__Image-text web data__
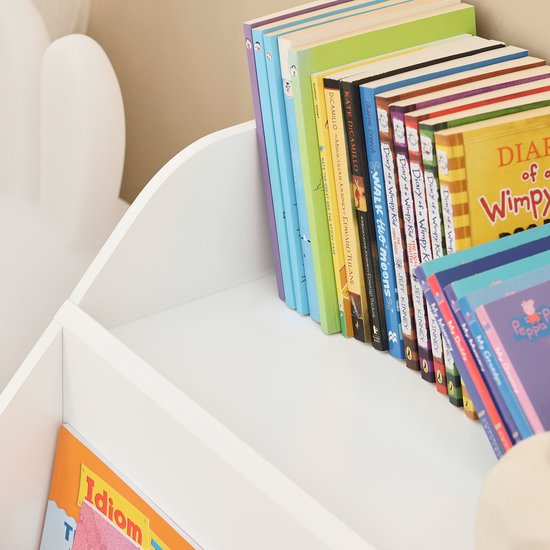 SoBuy KMB54-W Bibliothèque pour enfants - Etagère de rangement blanche pour jouets et livres
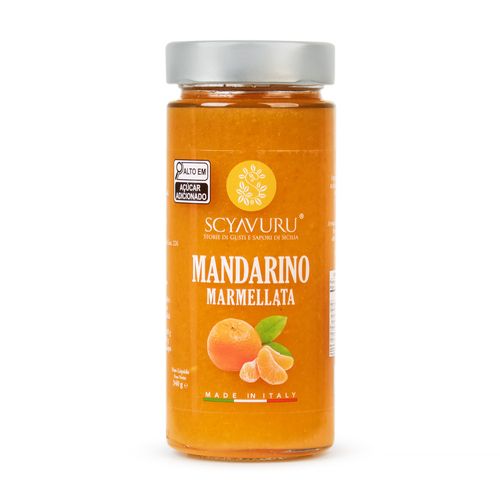 Geleia Italiana Scyavuru Tangerina Vidro 340g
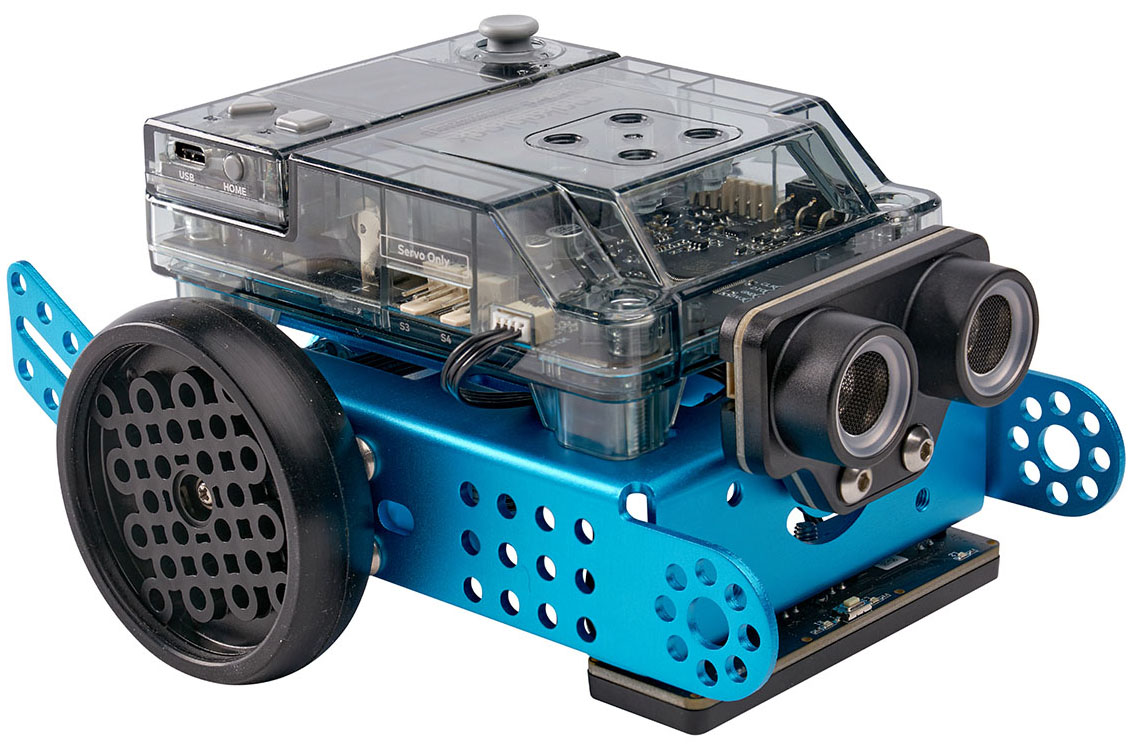 Базовый робототехнический набор mBot v2, синий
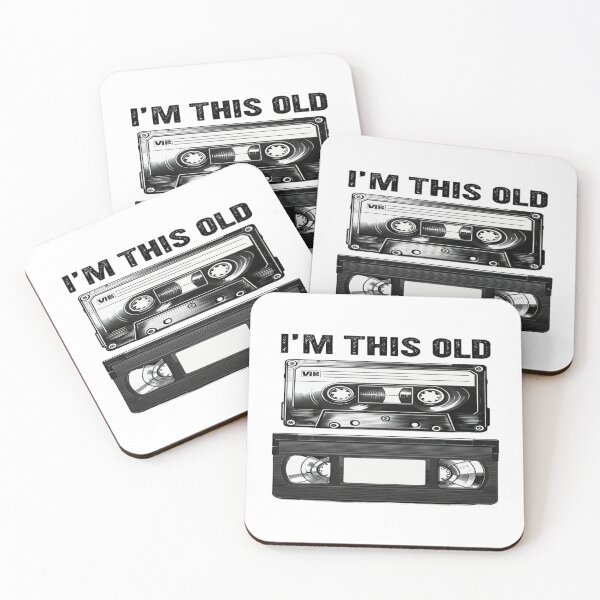 Item preview, “I’m This Old” Retro Cassette & VHS Art – Nostalgic Analog Media Throwback Illustration designed and sold by Bright Nest Studio.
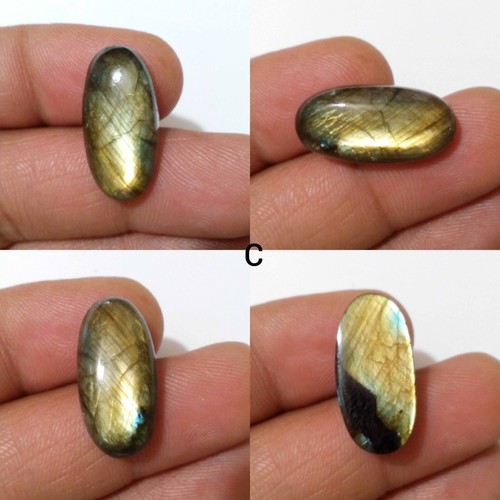 A+ Excellent Multi Fire Labradorite Oval Shape Loose Gemstone Jewelry For Making - Picture 4 of 13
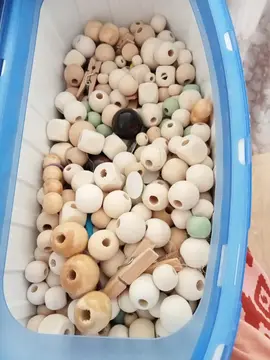perles en bois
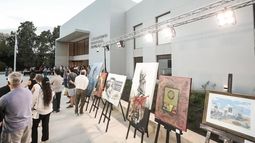Muestra de artistas locales en la Universidad Nacional de Pilar. Muestra de artistas locales en la Universidad Nacional de Pilar.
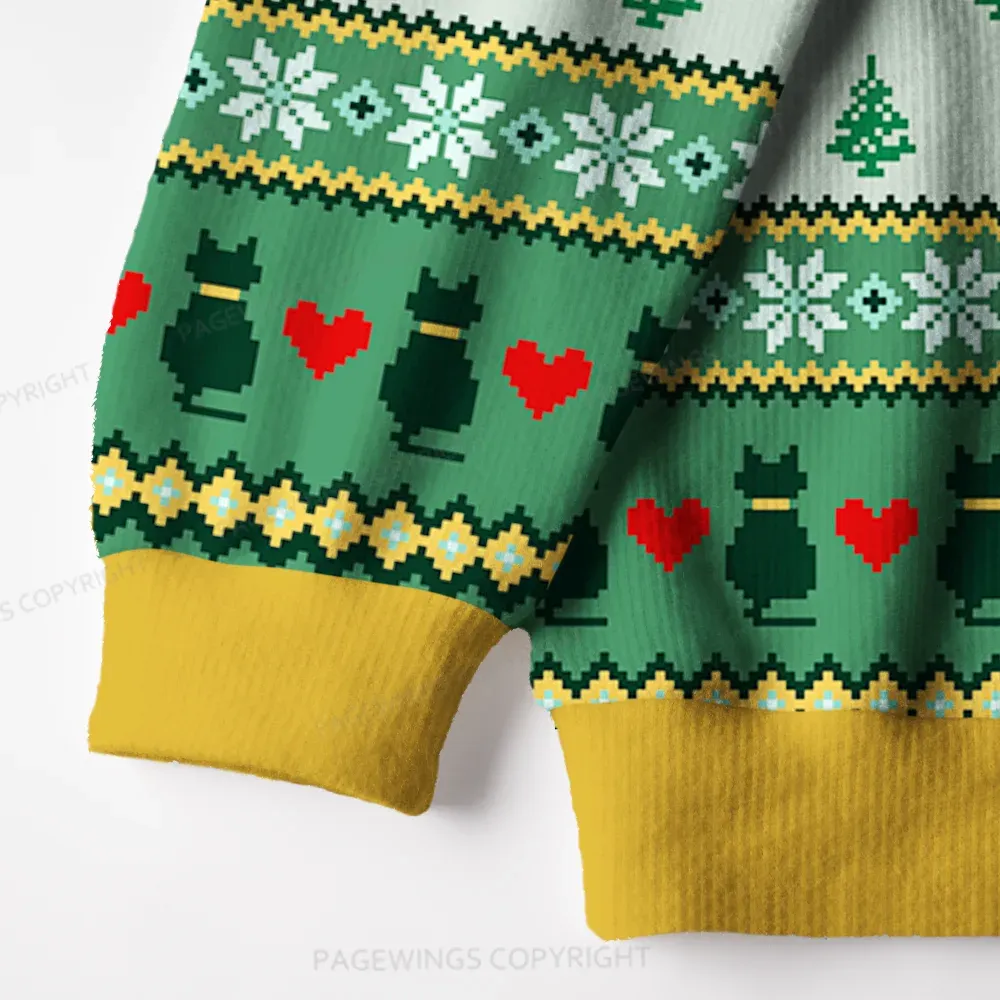 Pagewings Defend The Public Library Unisex Ugly Knit Sweatshirt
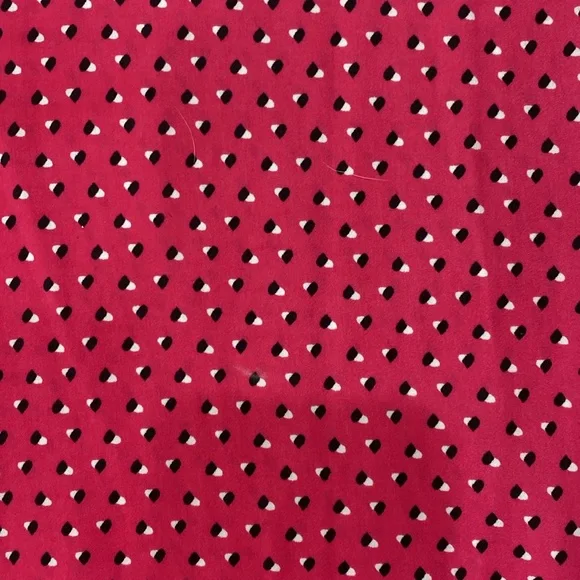 Long sleeve pink with pattern light polyester size large - Picture 2 of 3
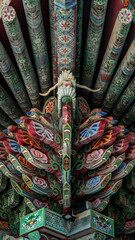 Old houses and temple in Andong, Korea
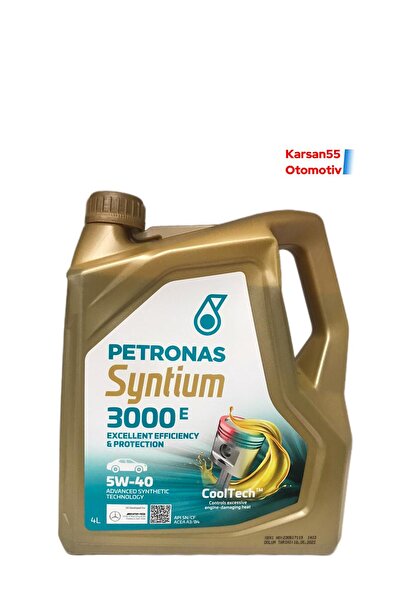 Petronas SYNTİUM 3000E 5W/40 4LT ÜRETİM: 2023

__Task objective__
Transcribe every record exactly and omit each image.

__Response for this exercise__
 SoBuy KMB54-W Bibliothèque pour enfants - Etagère de rangement blanche pour jouets et livres
 Geleia Italiana Scyavuru Tangerina Vidro 340g
 Базовый робототехнический набор mBot v2, синий
 Item preview, “I’m This Old” Retro Cassette & VHS Art – Nostalgic Analog Media Throwback Illustration designed and sold by Bright Nest Studio.
 A+ Excellent Multi Fire Labradorite Oval Shape Loose Gemstone Jewelry For Making - Picture 4 of 13
perles en bois
Muestra de artistas locales en la Universidad Nacional de Pilar. Muestra de artistas locales en la Universidad Nacional de Pilar.
 Pagewings Defend The Public Library Unisex Ugly Knit Sweatshirt
 Long sleeve pink with pattern light polyester size large - Picture 2 of 3
 Old houses and temple in Andong, Korea
 Petronas SYNTİUM 3000E 5W/40 4LT ÜRETİM: 2023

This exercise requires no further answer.